The primary factor behind the current rally in the price of the yellow metal is the weakening of the dollar. The dollar has declined about six per cent against the rupee, year-to-date. “The dollar has been weakening because the US Federal Reserve is sounding increasingly dovish in its view on rate hikes,” says Chirag Mehta, senior fund manager-alternative investments, Quantum Asset Management Company.
The spike in geopolitical tensions vis-a-vis North Korea has also been positive for the yellow metal. “The sabre-rattling by North Korea, the missile tests it has held, and the exchange of words between Donald Trump and the North Koreans has also led to people buying gold in anticipation of further escalation in tensions,” says Mehta.
Moreover, popular confidence in Trump's ability to push through his economic agenda, especially his tax cut proposals, is weakening. Finally, a surfeit of liquidity has driven the valuations of assets such as equities to high levels. Concerns around their stretched valuations also warrant an allocation to gold.
Where the yellow metal goes from its current level will depend again on the above-mentioned factors. A year ago, it was widely held that the world economy was on the growth path, and hence central banks such as the US Fed would be able to hike rates while the European Central Bank would begin to wind down asset purchases. But, things haven't panned out as expected. Faltering expectations regarding future rate hikes and escalation in geopolitical tensions will both be positive for gold.
Those looking to carry out short-term trading in the yellow metal should wait for a correction. “All the uncertainties have already got factored into the price. Unless tensions vis-a-vis North Korea escalate, a correction might be due,” says Prathamesh Mallya, chief analyst-non-agri commodities and currencies, Angel Commodities Broking. He advises traders to wait for the Rs 29,000 level to enter the yellow metal.
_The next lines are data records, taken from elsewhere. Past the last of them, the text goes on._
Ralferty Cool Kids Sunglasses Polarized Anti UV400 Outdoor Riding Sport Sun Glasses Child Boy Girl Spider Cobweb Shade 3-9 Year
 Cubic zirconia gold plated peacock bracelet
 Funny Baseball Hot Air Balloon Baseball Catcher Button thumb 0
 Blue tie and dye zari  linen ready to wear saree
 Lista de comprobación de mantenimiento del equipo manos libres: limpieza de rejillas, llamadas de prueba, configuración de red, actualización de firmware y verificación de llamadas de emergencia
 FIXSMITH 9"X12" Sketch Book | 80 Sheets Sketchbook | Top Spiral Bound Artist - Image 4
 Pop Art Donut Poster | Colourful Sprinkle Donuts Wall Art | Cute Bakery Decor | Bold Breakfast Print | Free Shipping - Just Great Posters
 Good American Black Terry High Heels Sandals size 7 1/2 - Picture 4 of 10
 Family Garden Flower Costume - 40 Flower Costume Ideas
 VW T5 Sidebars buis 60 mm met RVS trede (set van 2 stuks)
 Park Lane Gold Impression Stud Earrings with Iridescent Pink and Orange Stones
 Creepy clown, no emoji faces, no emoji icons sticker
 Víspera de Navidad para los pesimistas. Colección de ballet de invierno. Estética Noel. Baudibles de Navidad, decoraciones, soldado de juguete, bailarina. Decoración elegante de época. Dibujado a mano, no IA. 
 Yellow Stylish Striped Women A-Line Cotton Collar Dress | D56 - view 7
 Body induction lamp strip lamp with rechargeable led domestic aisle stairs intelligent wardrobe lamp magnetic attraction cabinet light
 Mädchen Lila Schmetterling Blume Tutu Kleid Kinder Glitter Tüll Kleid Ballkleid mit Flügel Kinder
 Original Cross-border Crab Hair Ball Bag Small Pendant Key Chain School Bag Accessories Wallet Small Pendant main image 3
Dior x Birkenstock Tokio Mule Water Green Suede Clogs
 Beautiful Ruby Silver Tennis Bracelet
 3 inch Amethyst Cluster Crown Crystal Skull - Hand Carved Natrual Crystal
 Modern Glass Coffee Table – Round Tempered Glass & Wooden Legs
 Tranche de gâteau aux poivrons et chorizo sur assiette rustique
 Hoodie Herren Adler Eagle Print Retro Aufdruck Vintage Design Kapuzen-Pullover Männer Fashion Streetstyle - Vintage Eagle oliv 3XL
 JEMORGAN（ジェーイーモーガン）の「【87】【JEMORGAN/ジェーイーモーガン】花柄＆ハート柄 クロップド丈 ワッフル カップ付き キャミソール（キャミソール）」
Long-term investors who hold gold as part of their asset allocation should either build a 10-15 per cent allocation or maintain it. "Since gold is negatively correlated with equities, having an allocation to it will reduce the overall risk in your portfolio," says Anil Rego, chief executive officer, Right Horizons, a Bengaluru-based financial planning firm. As for the instruments to use for investing in it, Rego suggests gold exchange-traded funds, gold savings funds (you can do systematic investment plans in them), and sovereign gold bonds (SGBs), which provide an annual interest income of 2.50 per cent of the initial investment. But, liquidity is an issue in SGBs. If you wish to exit them in the near future, you may have to sell them at a discount on the stock exchanges.